Two subsidiary questions remain to be answered. First, Burroughs raises the issue of when the statute of limitations began to run, assuming arguendo that it applies. He claims in his brief that he requested a tax deed in May 1973, although that fact does not appear in the record in this case. Even assuming that date, February 1980 is far beyond the five-year limitation.
The general policy underlying tax sales is an effort to return the property to the tax rolls and into commerce. Consonant with that policy, the statute should begin to run at its earliest possible time. The statute itself is of little assistance. It states only, “Whenever it shall *469be made to appear ***.”'It is our opinion that it begins to run at the time of sale. The buyer is charged with knowledge of the circumstances which might lead to a sale in error. In La Salle National Bank v. Hoffman (1971), 1 Ill.
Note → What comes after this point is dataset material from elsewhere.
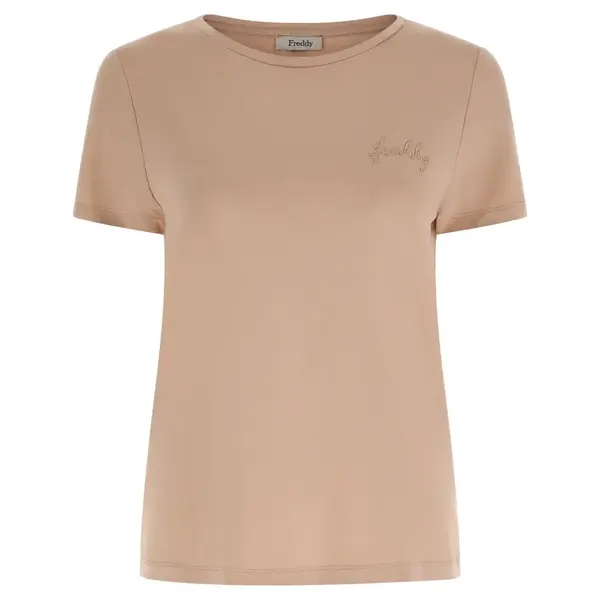Freddy Viscose jersey t-shirt with an embroidered lurex logo, Μέγεθος: S, 3 image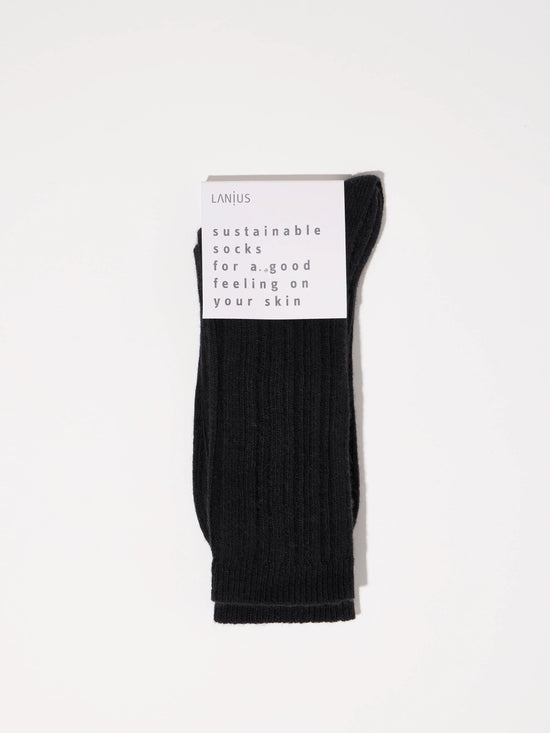 Rib Knit Wool Socks GOTS - Midnight Melange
App. 3d 470, 477, 274 N.E.2d 640, 645, the court said:
“The sole person who is interested in a refund under Section 260 of the Revenue Act of tax-sale money and therefore the only one who can make representations to the County Clerk to induce a ‘sale in error’ entry is the taxbuyer who would lose all the money he invested in a void tax sale but for that Section. It is up to the taxbuyer to discover the facts that void his purchase, if there be any, and to demand a refund from the County Collector based on the County Clerk’s ‘sale in error’ entry which is made on one or more of the four grounds set forth in section 260.”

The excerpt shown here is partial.